Ry sighed. He would when he could. Grief was a process. Hector ought to know that.
Since it looked like it was up to him to save his partner’s love life, Hector went to the TV studio on Tuesday morning.
“I’m here to see Meg Maguire,” he said to the receptionist, striking a pose, one thumb tucked at the waist of his black leather pants. Hopefully, he looked like a suave Dream Date contestant.
“Is she expecting you?” the young woman asked, her gorgeous Latin eyes appreciating the trouble he’d taken to look this good.

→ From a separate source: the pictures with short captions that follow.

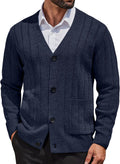 Men's Cable Knit V Neck Cardigan Sweater - Warm, Classic Layer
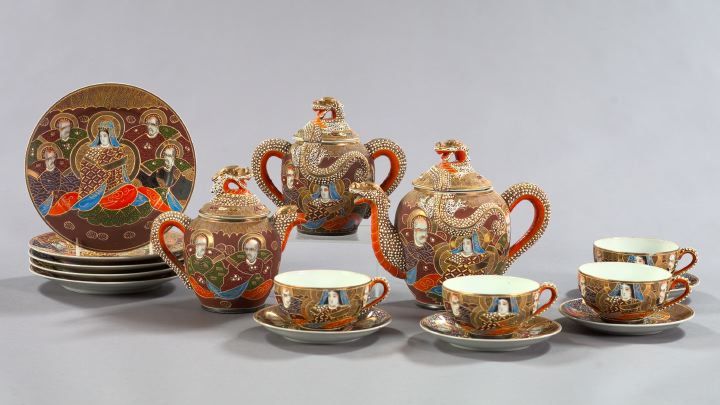 Appraisal: Japanese Taisho Sixteen-Piece Porcelain Tea Service for Four Persons first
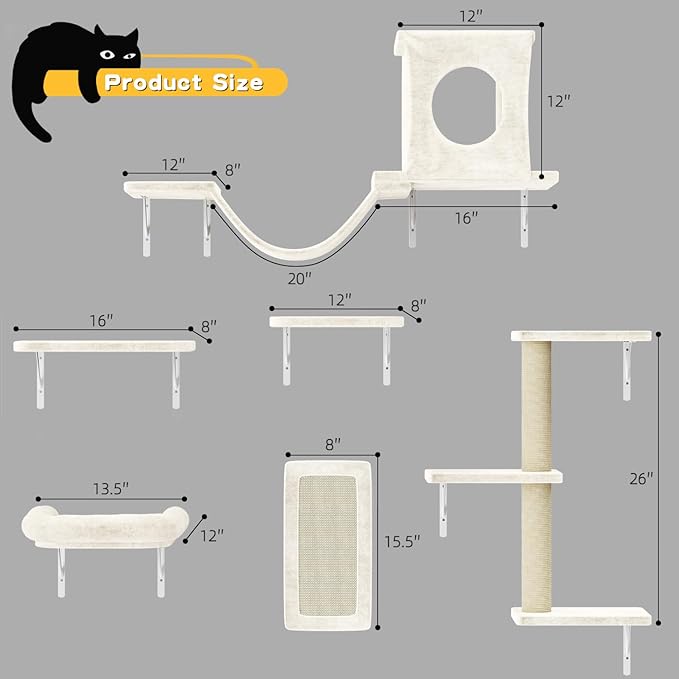 6-in-1 Cat Wall Shelves, Wooden Climbing Wall with Scratching Post, Wall Mounted Cat Furniture for Climbers, Space-Saving Cat Wall for Play & Rest, Drywall & Solid Walls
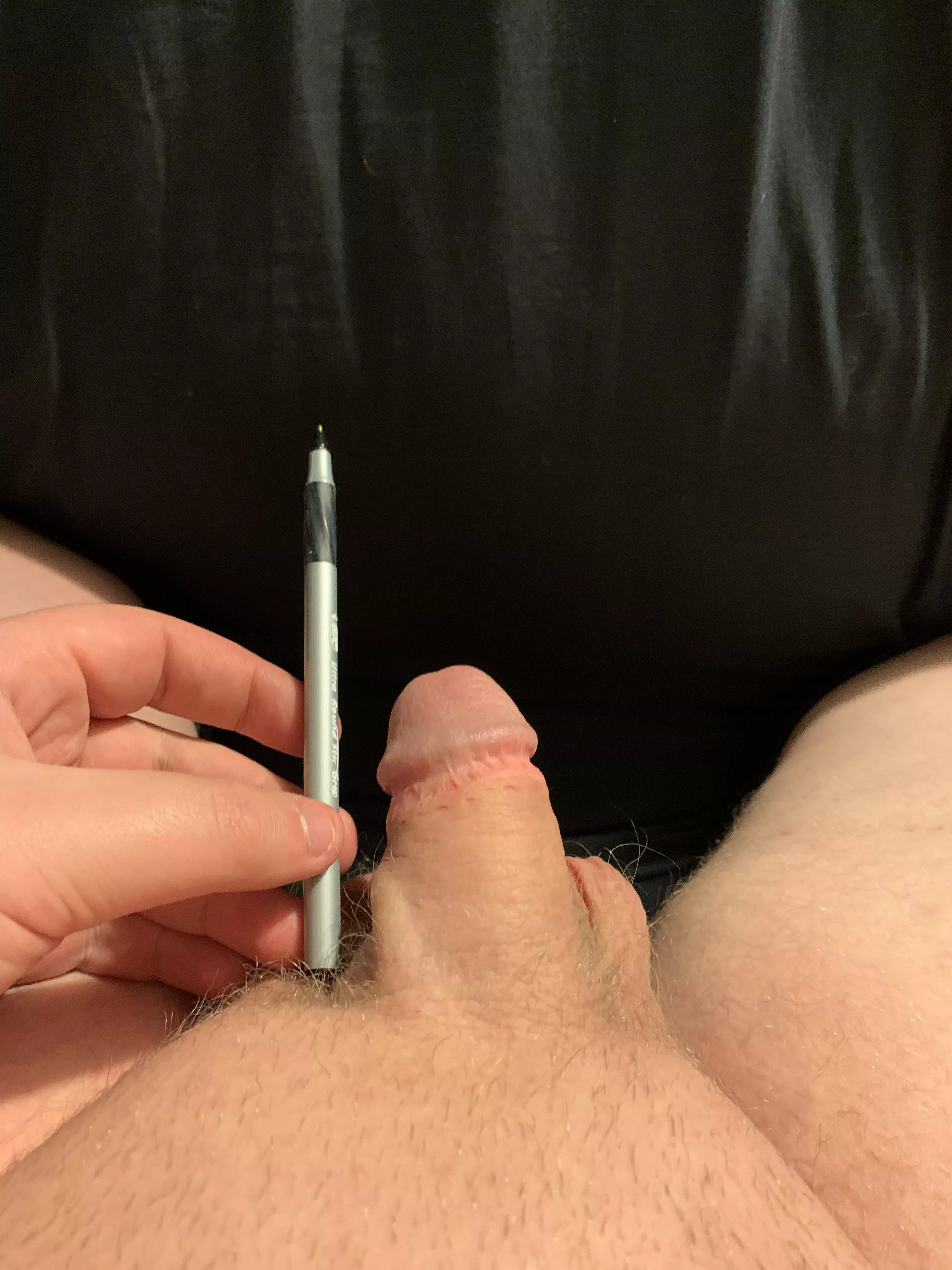 [18] semi hard micro dick next to a pen posted by Ok-Peace-8472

“Tell her I’m Ry Brennan’s partner.” He spoke with more bravado than confidence. He’d taken a chance, showing up like this, but he had to do something. His partner was a mess.
The little cutie talked softly into her phone. The name on her desk said she was Vanessa. He wondered if Vanessa was seeing anyone. Maybe he’d ask her out after he did what he’d come here to do.

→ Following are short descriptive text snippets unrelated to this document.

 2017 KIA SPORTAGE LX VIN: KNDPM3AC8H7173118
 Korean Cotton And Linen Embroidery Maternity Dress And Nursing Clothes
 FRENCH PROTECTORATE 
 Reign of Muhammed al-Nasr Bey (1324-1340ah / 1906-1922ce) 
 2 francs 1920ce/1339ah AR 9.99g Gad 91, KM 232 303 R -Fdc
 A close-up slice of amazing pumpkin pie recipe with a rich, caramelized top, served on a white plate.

Vanessa smiled at him brightly. “You’re in. Meg says to send you on back.”
He gave her a flirty wink and followed her directions to Meg’s office, rehearsing again what he planned to say. He had to get this just right…for his own sake as well as his partner’s. Working with Ry wasn’t fun anymore.
Meg could hardly believe it. Ry’s partner was on the way to her office? Vanessa said that Hector Gonzales looked like a perfect Dream Date candidate, but Meg was more interested in what he could tell her about Ry.
Hurriedly, she slicked on a fresh coat of lip gloss and fluffed up her hair. If Hector took a report back to Ry on how she was handling their breakup, she had just enough pride to care about what he would say.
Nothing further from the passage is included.